▶ [Problem requirements]
An exact copy of each line below is needed, with no images in it.

▶ [Raw data]
□ □ □ □ □
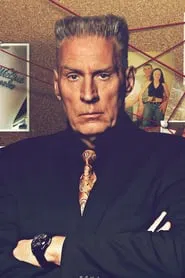 Cold Blood: The Violent Crime Cases of Mike Bolhuis tv show poster
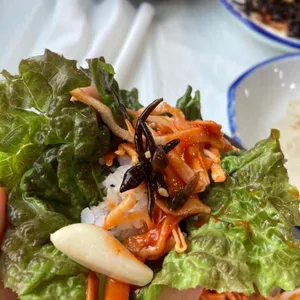 구선장횟집 사진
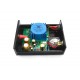 L-005 HIFI Special Linear power Supply for PHONO Amp and Digital Interface Supply AC 220V/110V and DC 5V/9V/12V/15V/18V/24V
□ □ □ □ □
▶ [Written solution]
 Cold Blood: The Violent Crime Cases of Mike Bolhuis tv show poster
 구선장횟집 사진
 L-005 HIFI Special Linear power Supply for PHONO Amp and Digital Interface Supply AC 220V/110V and DC 5V/9V/12V/15V/18V/24V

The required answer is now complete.